Ani Tsankhung Nunnery ( 阿尼仓空寺 (Ā ní cāng kōng sì)) is a nunnery of the Gelug school of Tibetan Buddhism in the city of Lhasa, Tibet Autonomous Region, China.
It was built in the 15th century on a site that had been used for meditation by the 7th century Tibetan king Songtsen Gampo. The nuns support themselves through alms and manufacturing items such as clothing and printed texts.

==Building==

The word ani means 'nun', and tshamkhung means 'a place for spiritual retreat', or 'hermitage'.
Ani Tsankhung occupies a yellow building in the Barkhor area of downtown Lhasa.
It is southeast of the Jokhang temple, and is the only nunnery in the old city of Lhasa.
The building is three stories high.
In the main hall there is an image of Chenresig, the multi-armed Bodhisattva of Compassion.
Behind this there is a 7th-century meditation chamber that was used by Songtsen Gampo.
The nunnery has a collection of thirteen Thangkas from Ming and Qing dynasties depicting Buddhas and Bodhisattvas.

==History==

The 7th century Tibetan king Songtsen Gampo used to meditate at a natural cave in this location, and recited prayers to reduce the danger of flooding by the Lhasa River.
Doctor Gewahum meditated here in the 12th century.
Kujor Tokden, a close disciple of Tsongkhapa, established the nunnery in the 15th century.
The Tibetan Living Buddha Samding Dorje Phagmo began her life as a Buddhist at the monastery.
The Lama Pabongkhapa Déchen Nyingpo and Tampa Dhoedrak, throne holder of Ganden Monastery, enlarged the nunnery to its present size early in the 20th century.
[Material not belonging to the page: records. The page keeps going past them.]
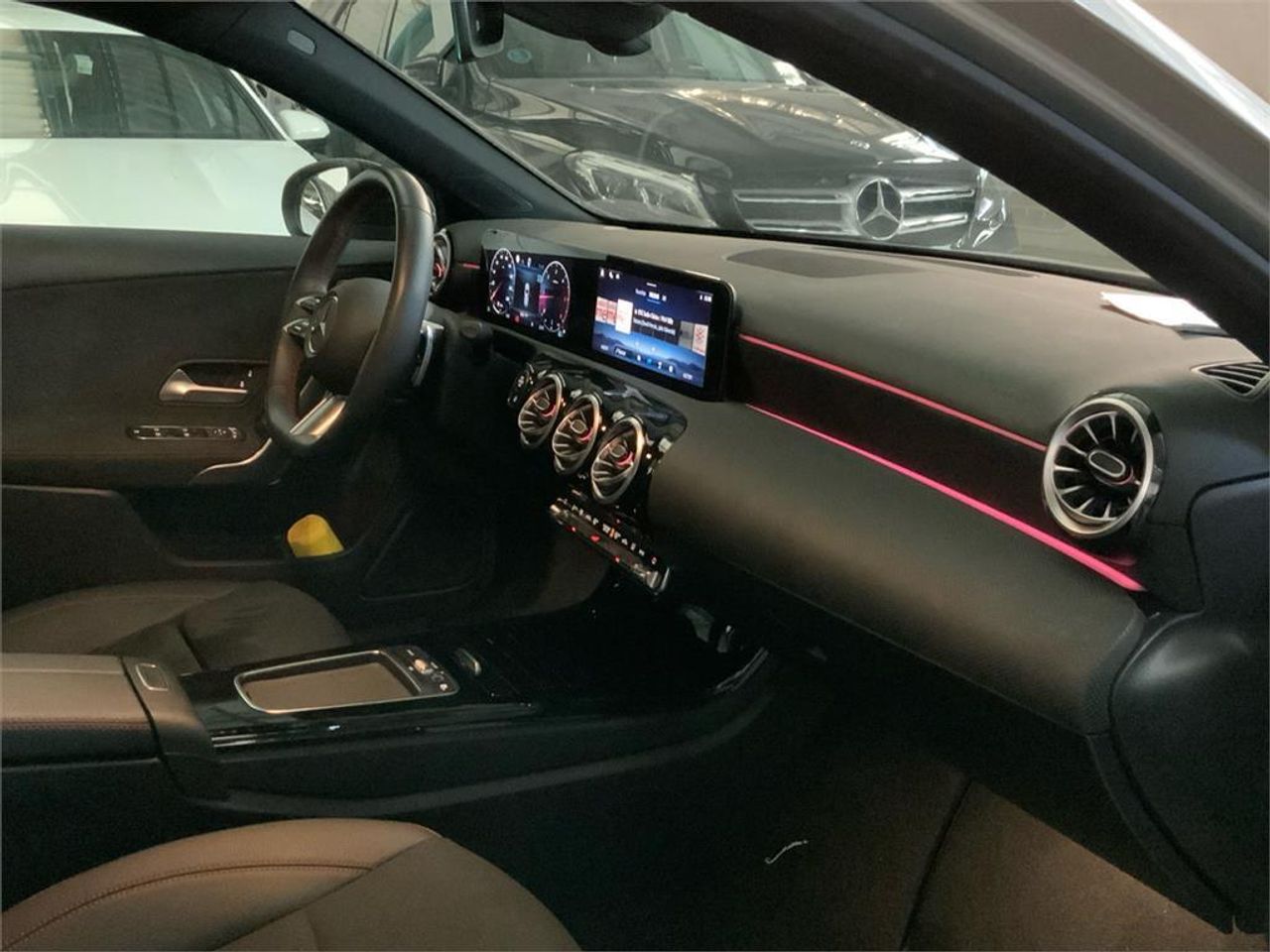 Mercedes Clase A 200 d - Foto 2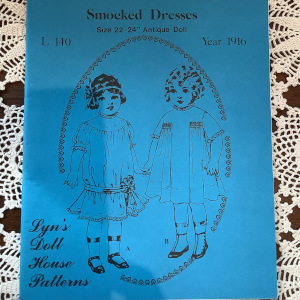 Pattern for knee-length dresses with smocking near the shoulders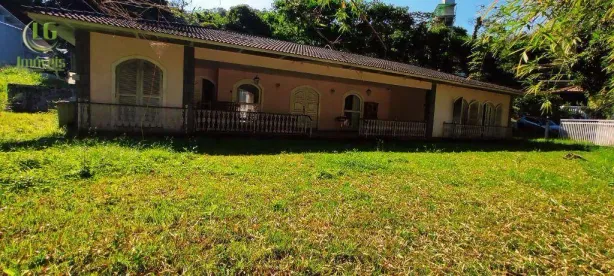 Casa de Condomínio com 4 Quartos à venda, 473m² no Badu, Niterói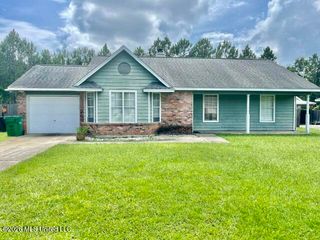 8016 Ridgecrest Circle, Biloxi, MS 39532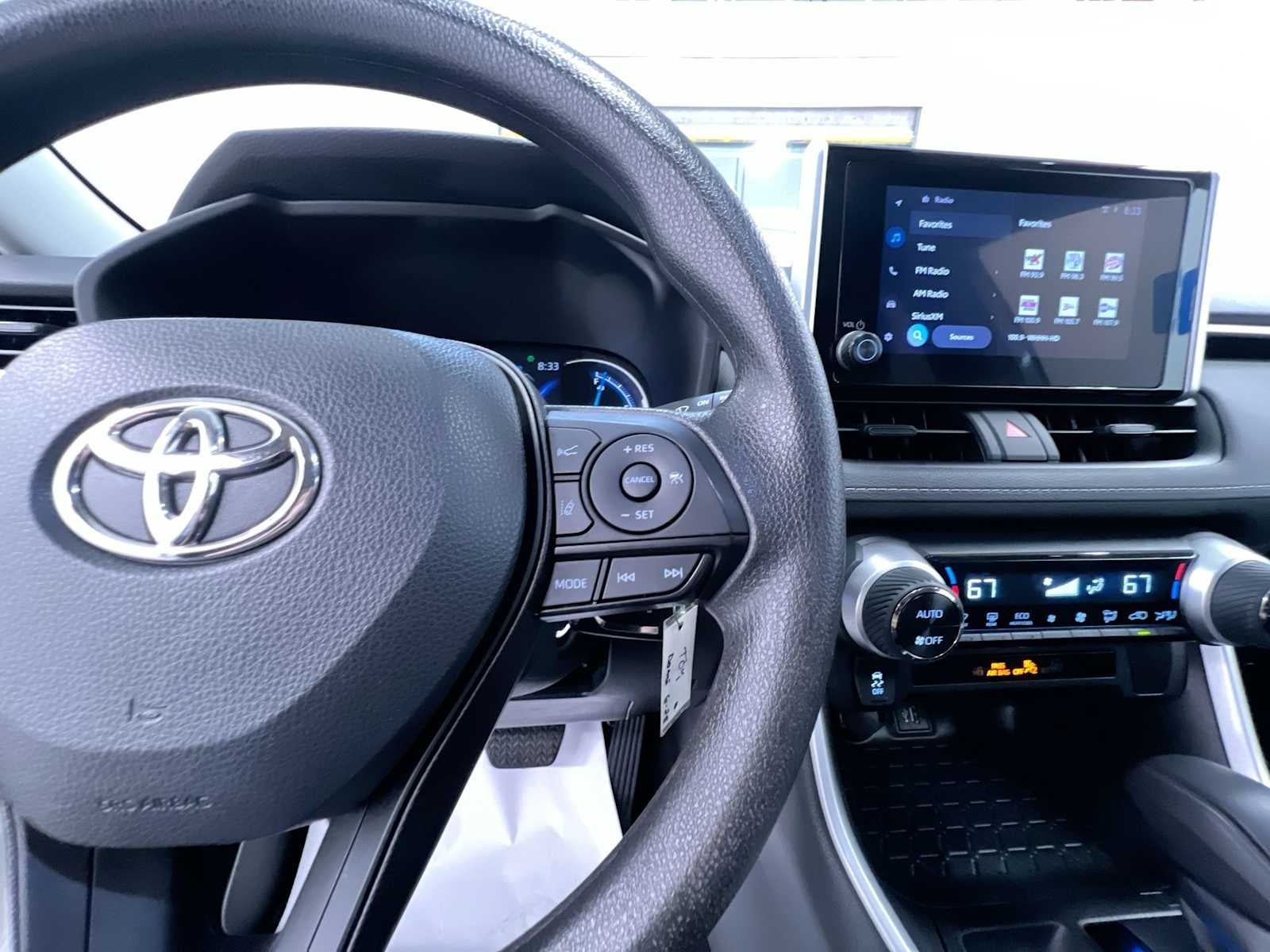 2023 Toyota RAV4 Hybrid LE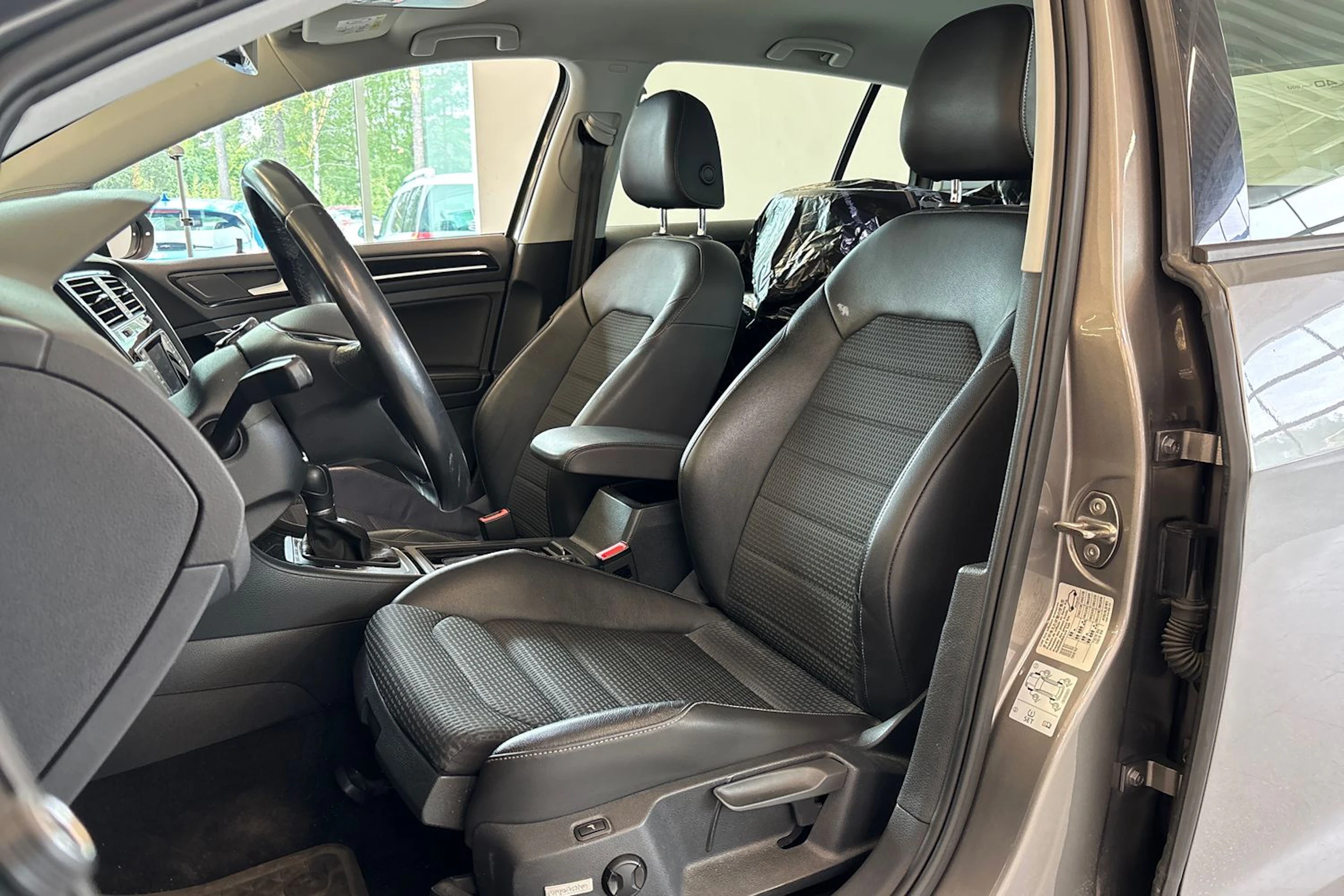 Harmaa Volkswagen GOLF 2015 kuva 4.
The nunnery was closed for ten years during the Cultural Revolution, its statues destroyed and the nuns evicted.
Later it was allowed to reopen by the Lhasa Municipal Bureau of Religious Affairs.
Today there are more than one hundred resident nuns.

==Activities==

The youngest nuns are sixteen. The young women live on the ground floor and the older people live upstairs.
The nuns are poor, dependent on alms given for their prayers, and on manufacturing goods for sale.
Their work includes sewing, weaving and making handicrafts. They also have a small workshop where they print religious texts.
The nuns run an inexpensive outdoor restaurant, which is busy at lunch time, serving bowls of noodles and dumplings.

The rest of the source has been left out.